Work task
What you return must match the entries word for word, minus the pictures.

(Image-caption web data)
★ ★ ★ ★

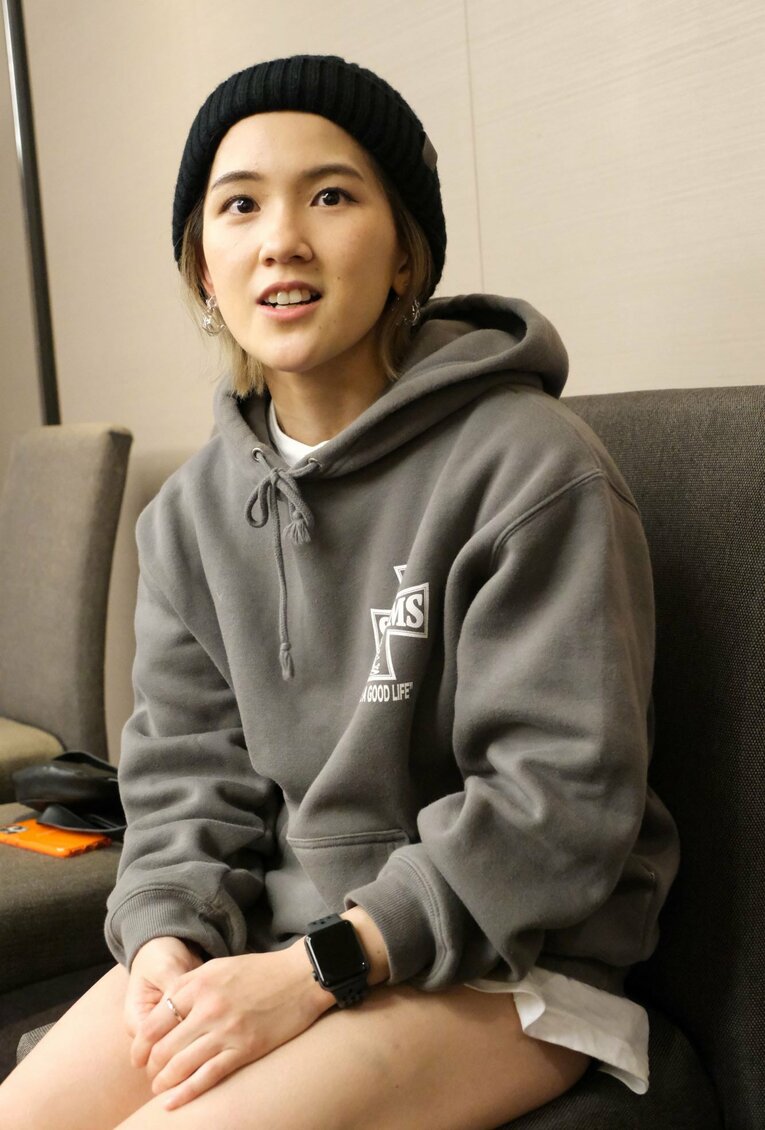 「私けっこう性格悪いんで（笑）」K-1で菅原美優に勝利したMIOが“RENAの妹分”からの独り立ち 「本当に楽しいです、今」(14)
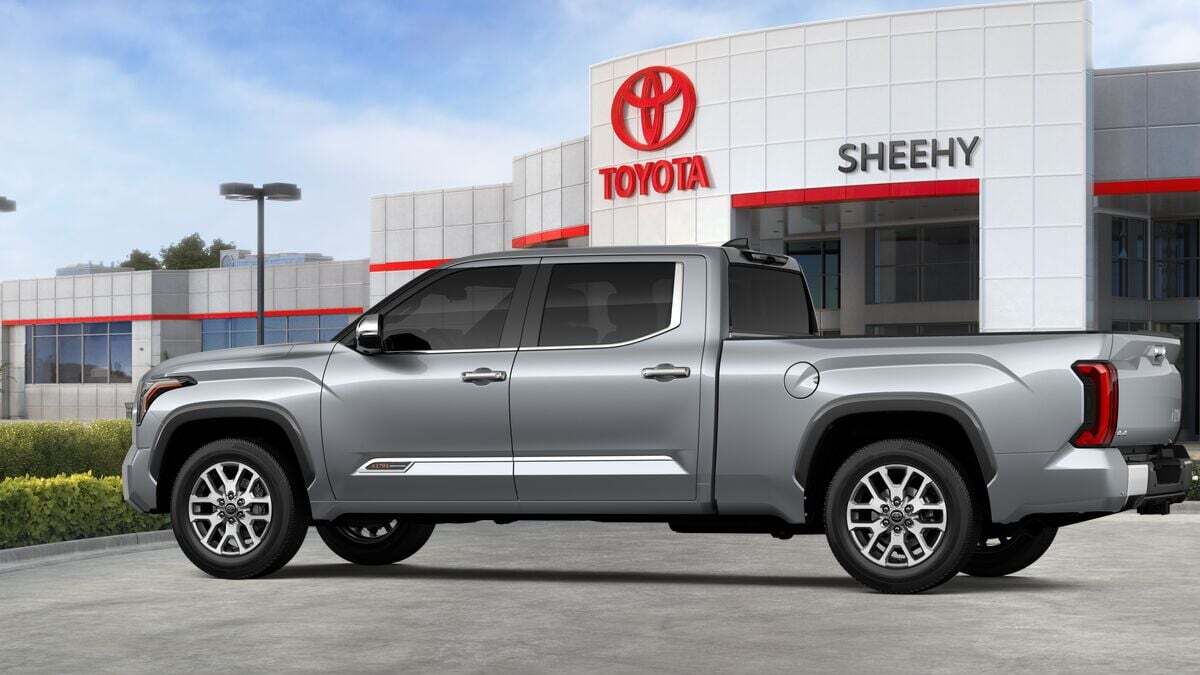 2026 Toyota Tundra 1794 Edition Laurel MD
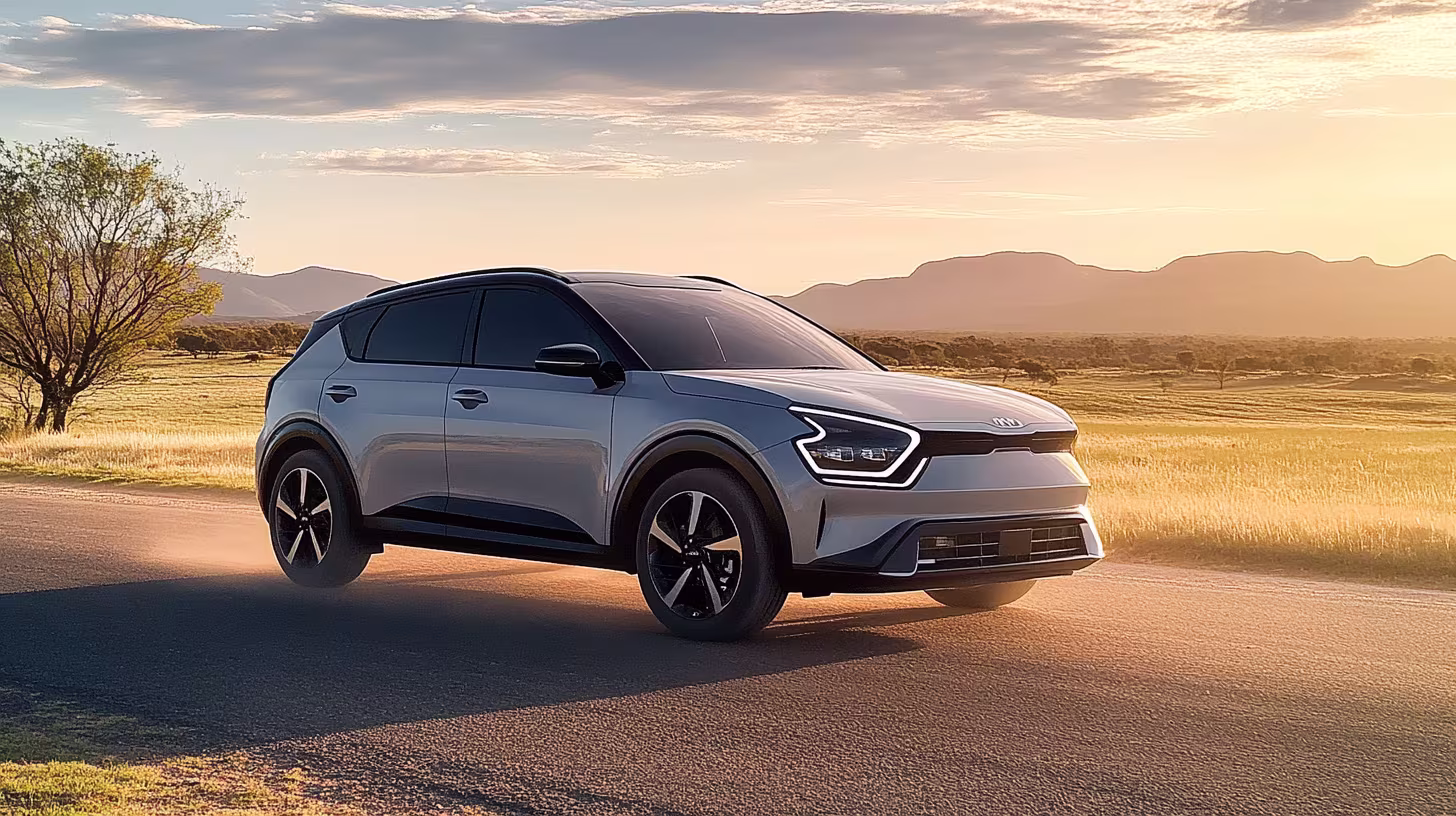 KIA Niro – Niro Performance & Power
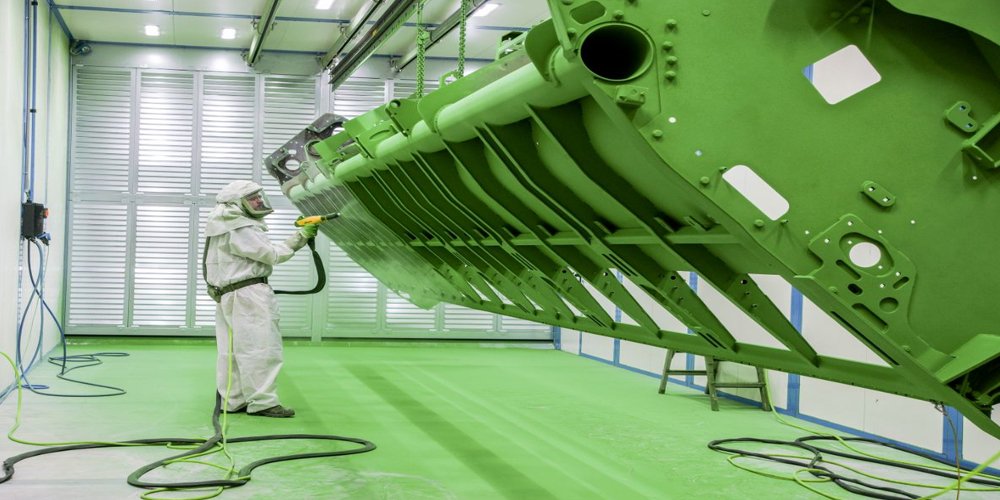 POWDER COATING BOOTH POWDER COATING BOOTH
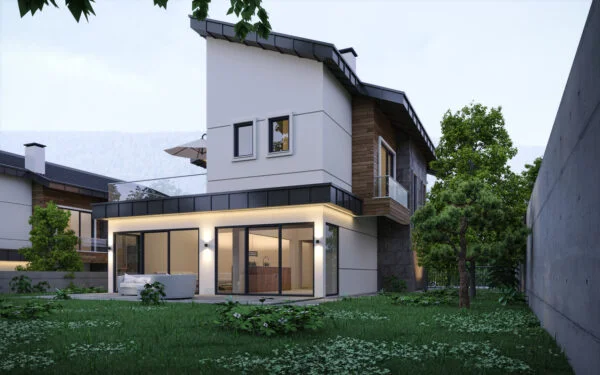 Arven Villa Becen - Görsel 6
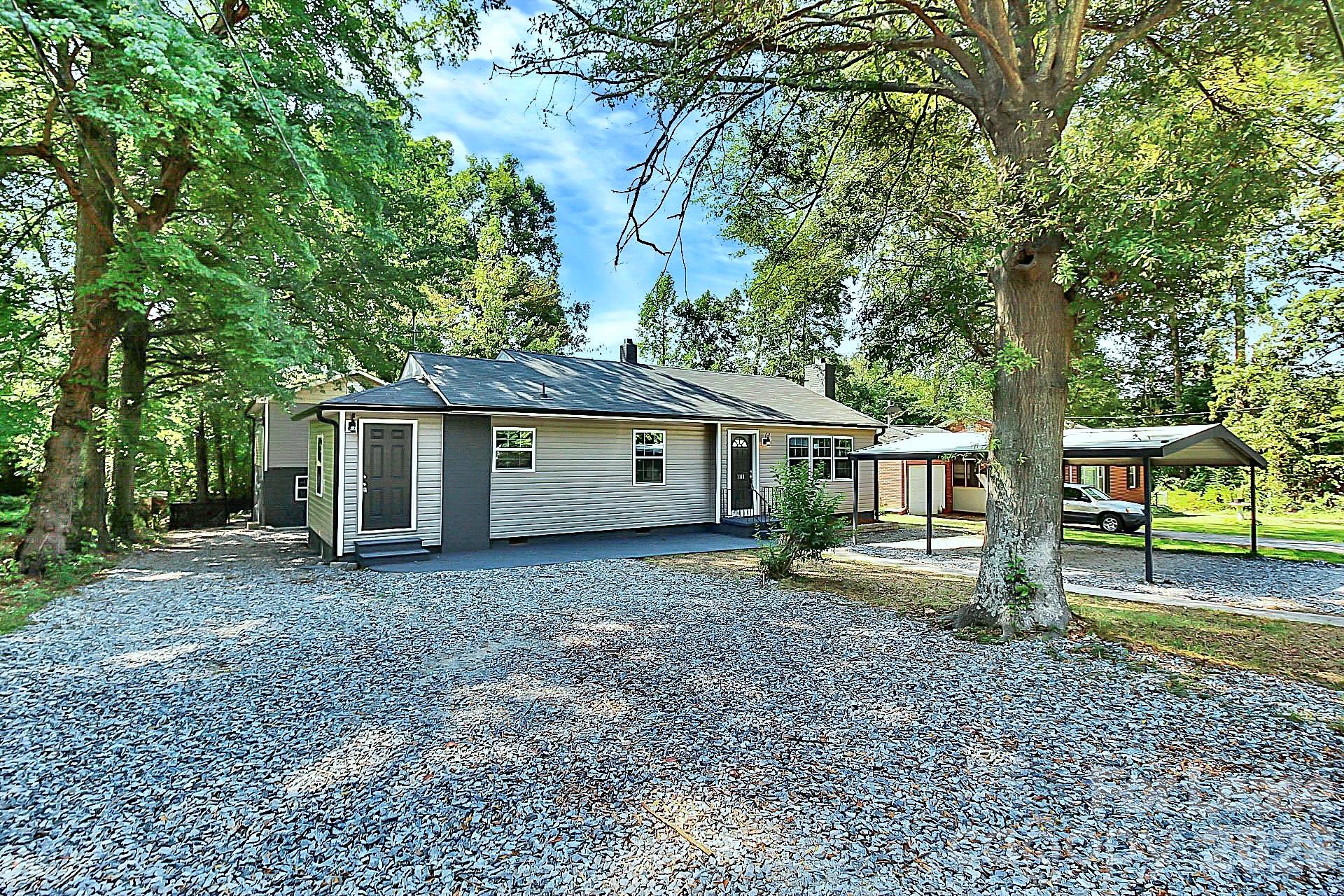 None - Residential Lease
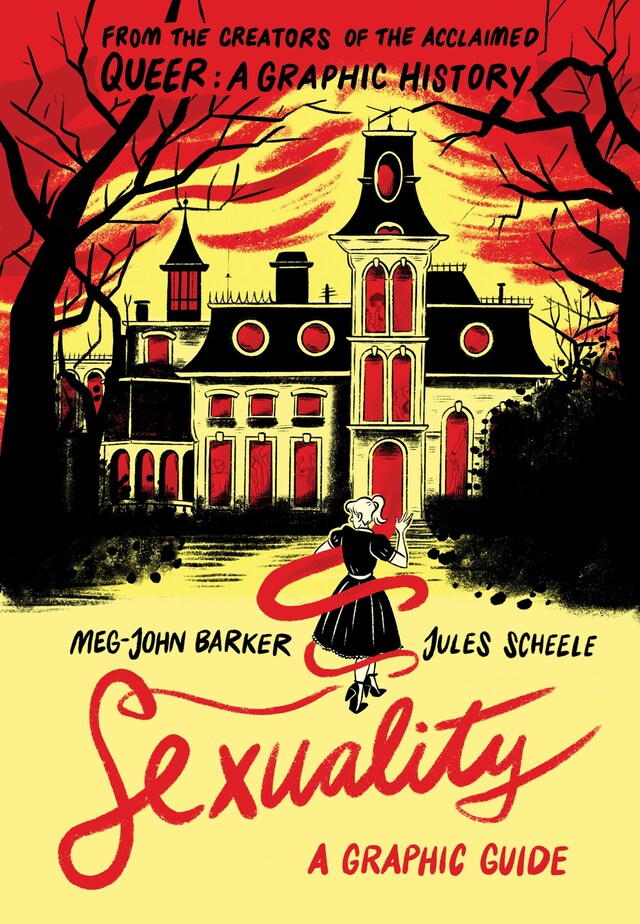 Book cover for Sexuality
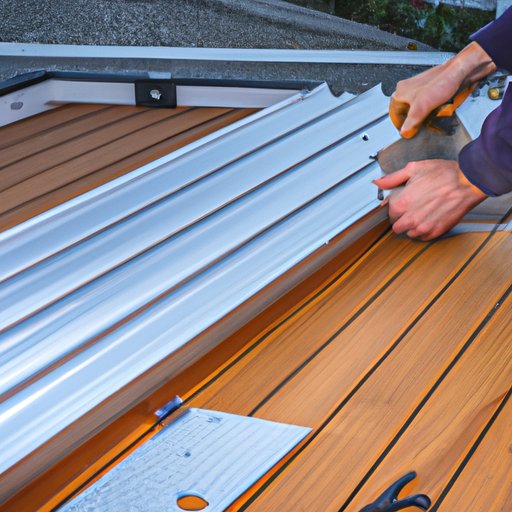 Overview of Aluminum Deck Installation Process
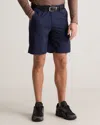 Quince Men's Micro Ripstop Hike Short In Deep Navy
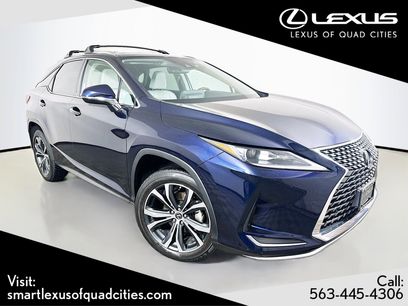 Certified 2022 Lexus RX 350 AWD w/ Premium Package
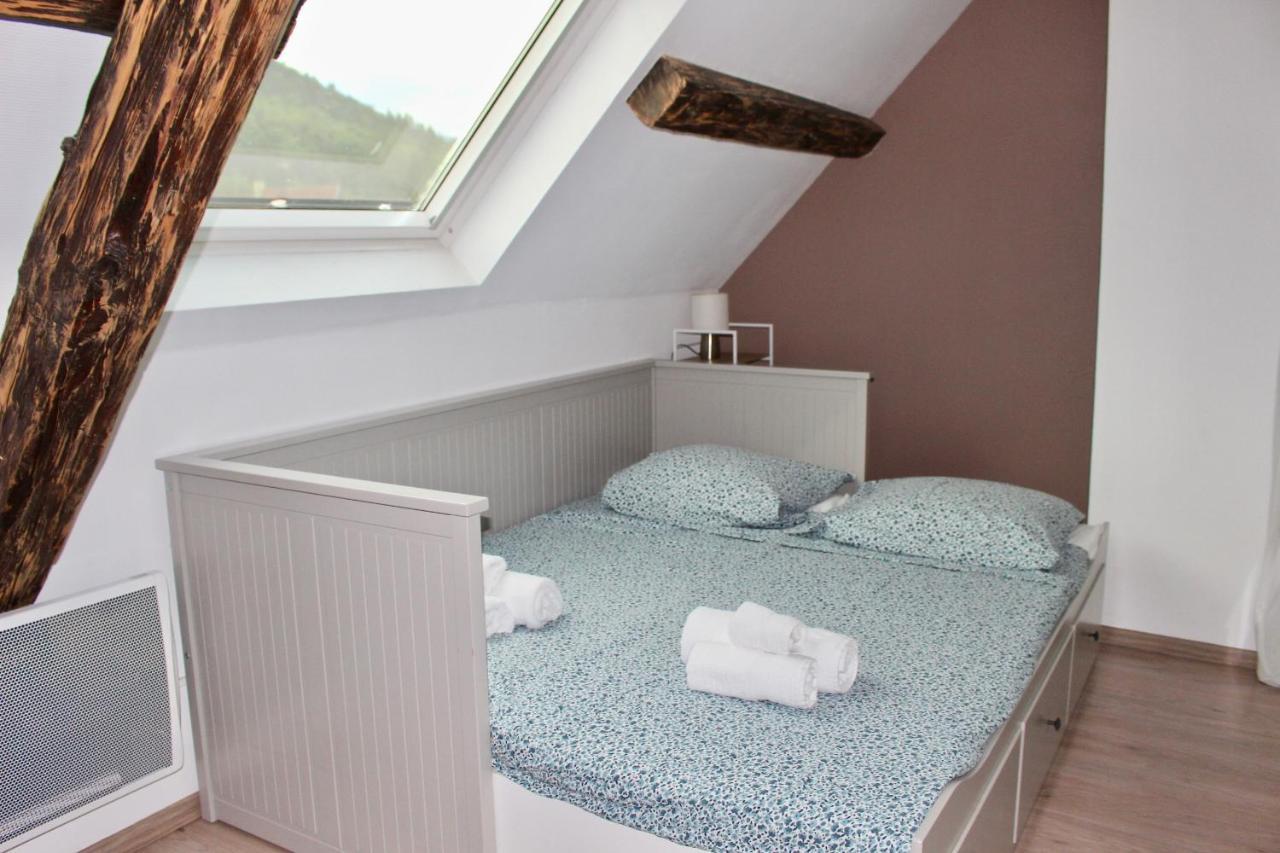 Superbe Appartement Duplex A Kaysersberg En Alsace מראה חיצוני תמונה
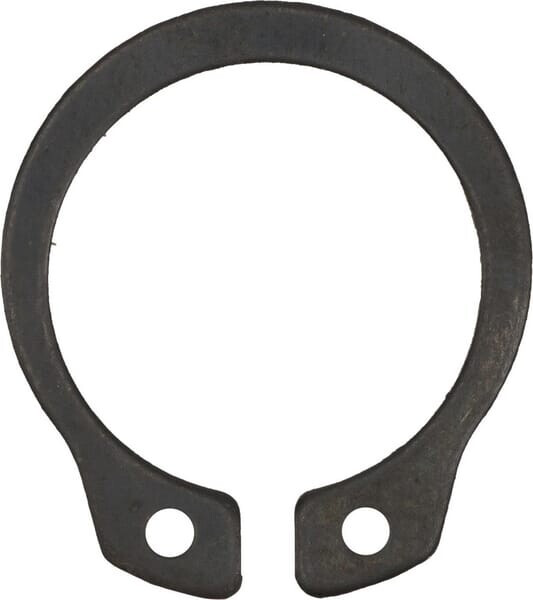 Sicherungsring Außen 17x1mm Din471 Stahl Universal 47117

★ ★ ★ ★

Result of the task
 「私けっこう性格悪いんで（笑）」K-1で菅原美優に勝利したMIOが“RENAの妹分”からの独り立ち 「本当に楽しいです、今」(14)
 2026 Toyota Tundra 1794 Edition Laurel MD
 KIA Niro – Niro Performance & Power
 POWDER COATING BOOTH POWDER COATING BOOTH
 Arven Villa Becen - Görsel 6
 None - Residential Lease
 Book cover for Sexuality
 Overview of Aluminum Deck Installation Process
 Quince Men's Micro Ripstop Hike Short In Deep Navy
 Certified 2022 Lexus RX 350 AWD w/ Premium Package
 Superbe Appartement Duplex A Kaysersberg En Alsace מראה חיצוני תמונה
 Sicherungsring Außen 17x1mm Din471 Stahl Universal 47117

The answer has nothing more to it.